The Circuit: Working Hard
LEADING AUTHORITIES' ROUNDUP OF THOUGHT LEADERSHIP, TRENDS, AND PERSONALITIES ON THE SPEAKING CIRCUIT
This week, with the federal government finally back to work, it’s been an “all-hands-on-deck” mentality around the DC metro area. But after Super Bowl weekend, I expect all the regular office antics to be back in full force on Monday. So today, I’m sharing a few meatier anecdotes from the worlds of politics, cyber, corporate culture, and interpersonal communication that you can use to get some conversations back on track early next week. Enjoy your weekend!
WHEN YOUR BFF GETS A NEW JOB
Congratulations to renowned political analyst Charlie Cook, who was named this week as co-author of the 2020 Almanac of American Politics!

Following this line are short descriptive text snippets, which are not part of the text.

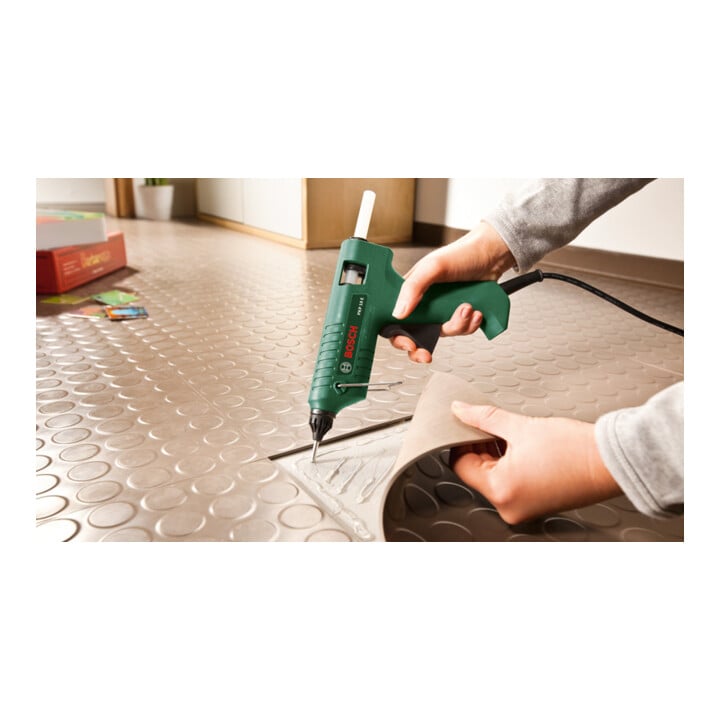 Bosch Power Tools Heißklebepistole PKP 18 E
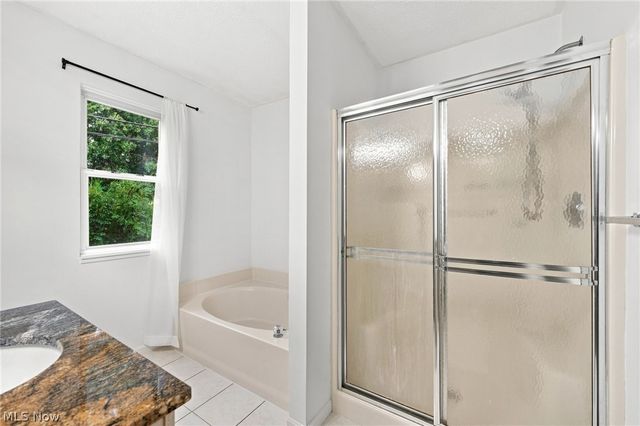 29008 Uxbridge Drive, Willowick, OH 44095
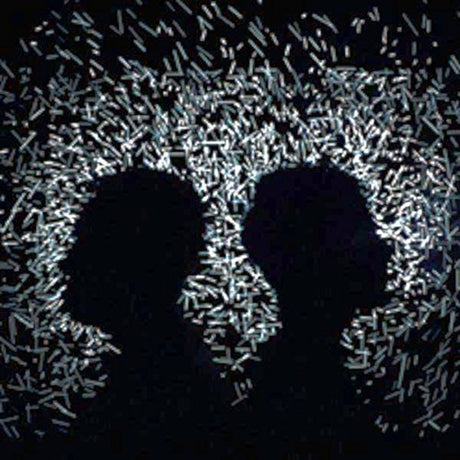 Letherette - Letherette [Vinyl]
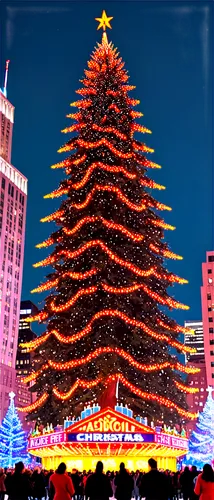 tannenbaum,kerschbaum,christmas tree with lights,natal,the christmas tree,christmas tree,christmas trees,scandia christmas,fest of lights,myfestiveseason romania,kleinbaum,the holiday of lights,christmas motif,christmasbackground,ostankino,spasskaya,novogrozny,festival of lights,christmas background,moroz,Conceptual Art,Sci-Fi,Sci-Fi 29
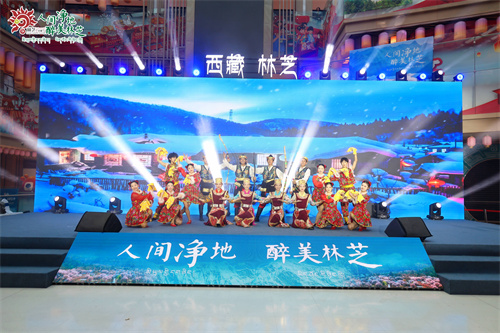 ��ˮ֮��  ��֥��Լ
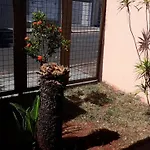 Quartos Uberlandia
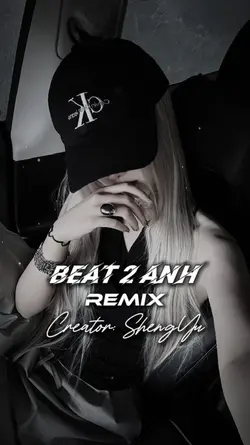 BEAT 2 ẢNH CUỐN 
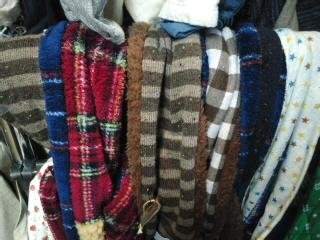 ウィンターセール延長させて頂きますm(_ _)m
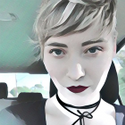 Avatar GraceOrange 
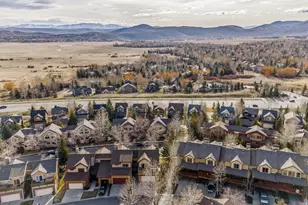 5477 N Bobsled Blvd, Park City, UT 84098 - Photo 46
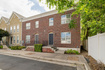 Photo 1 for 4718 S Balvenie Pl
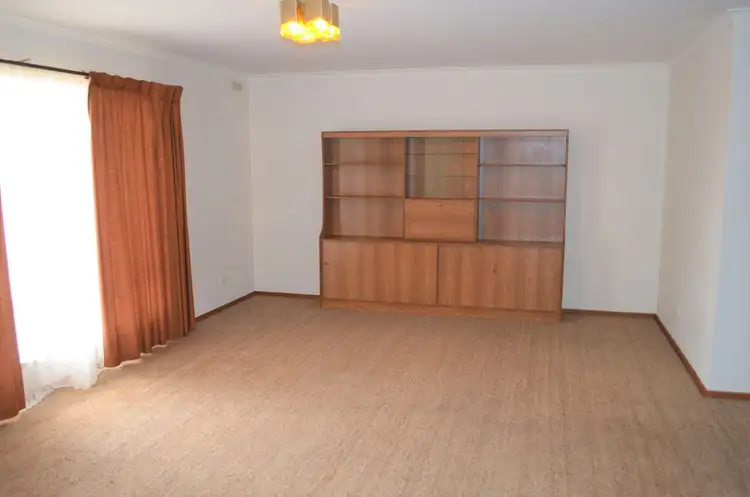 Seventh view of Homely house listing, 38 Gray Street, Numurkah VIC 3636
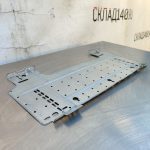 Img 20241021 124031 result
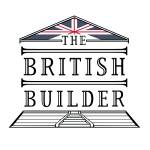 The British Builder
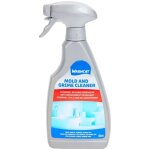 Anti moisissure et d�tachant 500 ml washcat - salle de bain - cuisine nettoyant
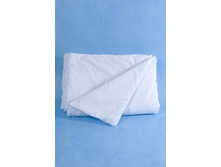 ������_690 ���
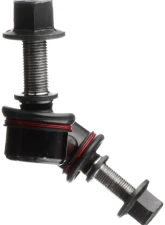 Delphi Suspension Stabilizer Bar Link Cadillac Front Left                                     - TC6434 - Image 4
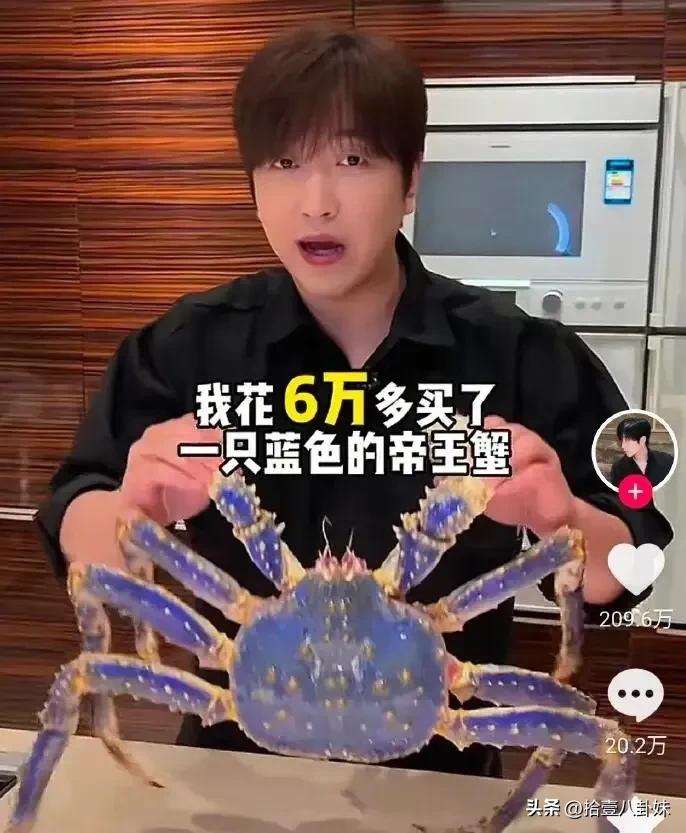 奢侈品公司账报销_网红白冰八卦爆料是真的吗还是假的-_网红偷税证据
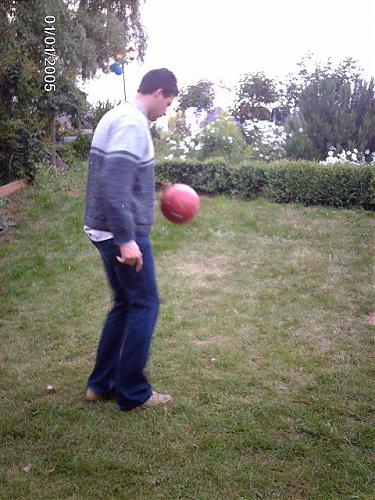 Klik op de afbeelding voor een grotere versie

Naam:  foto!!camera 046.jpg
Bekeken: 136
Grootte:  75,9 KB
ID: 26219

Of the publication, Cook said, “As a senior in high school I bought the first edition of the Almanac in 1972, as soon as it came out, and it has been my bible ever since.” He went on to call it the “go-to-place for an serious student of American politics.” Among the political insights and data it publishes, the 2020 Almanac plans to include voter registration data, redistricting maps, and complete profiles of the 50 governors and 535 Members of Congress.
WHEN YOUR COLLEAGUE ROLLS HER EYES
Is it true that 93% of all communication is non-verbal? Body language expert Mark Bowden answers this once and for all, and breaks down the difference between the emotional message and the informational message that you send to people through your words and your body language. He even puts percentage points on body language, words, and tone of voice. Find out how much your non-verbal communication really matters now.
WHEN YOU GET PULLED OVER FOR SPEEDING
Rule followers, huh? In an interview with every employer’s favorite job site, Glassdoor, cultural psychologist Michele Gelfand discusses the role cultures play in our personal lives, our corporate lives, and in society at large. She encourages job seekers and employers alike to consider the type of culture that works best for them (“tight” or “loose”) and seek out appropriate matches. She describes the positives and negatives of loose and tight cultures too—for example, loose cultures are more exploratory and open to taking risks, whereas tight cultures are more careful, efficient, and confident.